Segment Start: DATA LISTING
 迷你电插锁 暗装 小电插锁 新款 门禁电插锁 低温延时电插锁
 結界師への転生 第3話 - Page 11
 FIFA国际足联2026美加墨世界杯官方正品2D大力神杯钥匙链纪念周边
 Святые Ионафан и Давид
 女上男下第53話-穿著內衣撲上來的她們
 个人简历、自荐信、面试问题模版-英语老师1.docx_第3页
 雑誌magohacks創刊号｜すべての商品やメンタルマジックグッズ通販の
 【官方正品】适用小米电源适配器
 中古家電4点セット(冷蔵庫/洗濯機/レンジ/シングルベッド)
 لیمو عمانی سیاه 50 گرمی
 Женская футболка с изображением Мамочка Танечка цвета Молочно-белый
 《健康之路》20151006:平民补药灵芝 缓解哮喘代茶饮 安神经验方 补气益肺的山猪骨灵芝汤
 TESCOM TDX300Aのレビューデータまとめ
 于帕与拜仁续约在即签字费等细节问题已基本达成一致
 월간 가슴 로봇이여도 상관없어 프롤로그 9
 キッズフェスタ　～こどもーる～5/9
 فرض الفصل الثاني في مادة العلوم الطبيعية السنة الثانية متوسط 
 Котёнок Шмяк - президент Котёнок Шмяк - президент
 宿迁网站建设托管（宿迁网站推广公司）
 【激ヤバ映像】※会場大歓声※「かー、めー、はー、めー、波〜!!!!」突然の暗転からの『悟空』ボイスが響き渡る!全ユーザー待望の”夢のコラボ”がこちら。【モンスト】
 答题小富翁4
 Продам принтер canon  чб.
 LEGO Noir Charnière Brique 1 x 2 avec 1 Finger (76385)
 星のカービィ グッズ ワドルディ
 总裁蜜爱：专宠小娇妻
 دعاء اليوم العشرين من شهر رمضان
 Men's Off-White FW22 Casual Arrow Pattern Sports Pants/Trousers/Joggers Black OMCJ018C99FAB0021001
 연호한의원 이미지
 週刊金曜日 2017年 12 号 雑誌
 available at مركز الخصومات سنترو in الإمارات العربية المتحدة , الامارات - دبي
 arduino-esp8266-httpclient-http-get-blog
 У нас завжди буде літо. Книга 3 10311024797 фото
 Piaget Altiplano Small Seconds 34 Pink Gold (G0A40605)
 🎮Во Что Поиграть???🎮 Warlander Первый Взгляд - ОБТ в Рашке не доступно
Segment End: DATA LISTING
INSTRUCTIONS FOR THE TASK>
Exactly the lines from the one with "个人简历、自荐信、面试问题模版-英语老师1.docx_第3页" through the end of the entries, both included, should be written out, and no others.

SOLUTION FOR THIS TASK>
 个人简历、自荐信、面试问题模版-英语老师1.docx_第3页
 雑誌magohacks創刊号｜すべての商品やメンタルマジックグッズ通販の
 【官方正品】适用小米电源适配器
 中古家電4点セット(冷蔵庫/洗濯機/レンジ/シングルベッド)
 لیمو عمانی سیاه 50 گرمی
 Женская футболка с изображением Мамочка Танечка цвета Молочно-белый
 《健康之路》20151006:平民补药灵芝 缓解哮喘代茶饮 安神经验方 补气益肺的山猪骨灵芝汤
 TESCOM TDX300Aのレビューデータまとめ
 于帕与拜仁续约在即签字费等细节问题已基本达成一致
 월간 가슴 로봇이여도 상관없어 프롤로그 9
 キッズフェスタ　～こどもーる～5/9
 فرض الفصل الثاني في مادة العلوم الطبيعية السنة الثانية متوسط 
 Котёнок Шмяк - президент Котёнок Шмяк - президент
 宿迁网站建设托管（宿迁网站推广公司）
 【激ヤバ映像】※会場大歓声※「かー、めー、はー、めー、波〜!!!!」突然の暗転からの『悟空』ボイスが響き渡る!全ユーザー待望の”夢のコラボ”がこちら。【モンスト】
 答题小富翁4
 Продам принтер canon  чб.
 LEGO Noir Charnière Brique 1 x 2 avec 1 Finger (76385)
 星のカービィ グッズ ワドルディ
 总裁蜜爱：专宠小娇妻
 دعاء اليوم العشرين من شهر رمضان
 Men's Off-White FW22 Casual Arrow Pattern Sports Pants/Trousers/Joggers Black OMCJ018C99FAB0021001
 연호한의원 이미지
 週刊金曜日 2017年 12 号 雑誌
 available at مركز الخصومات سنترو in الإمارات العربية المتحدة , الامارات - دبي
 arduino-esp8266-httpclient-http-get-blog
 У нас завжди буде літо. Книга 3 10311024797 фото
 Piaget Altiplano Small Seconds 34 Pink Gold (G0A40605)
 🎮Во Что Поиграть???🎮 Warlander Первый Взгляд - ОБТ в Рашке не доступно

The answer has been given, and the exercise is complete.